All the data should be printed again exactly as written.

## DATA
========================================
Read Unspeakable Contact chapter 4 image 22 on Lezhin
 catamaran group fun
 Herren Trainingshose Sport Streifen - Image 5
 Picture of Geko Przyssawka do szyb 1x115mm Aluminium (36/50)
========================================
## SOLUTION FOR THIS PROBLEM
Read Unspeakable Contact chapter 4 image 22 on Lezhin
 catamaran group fun
 Herren Trainingshose Sport Streifen - Image 5
 Picture of Geko Przyssawka do szyb 1x115mm Aluminium (36/50)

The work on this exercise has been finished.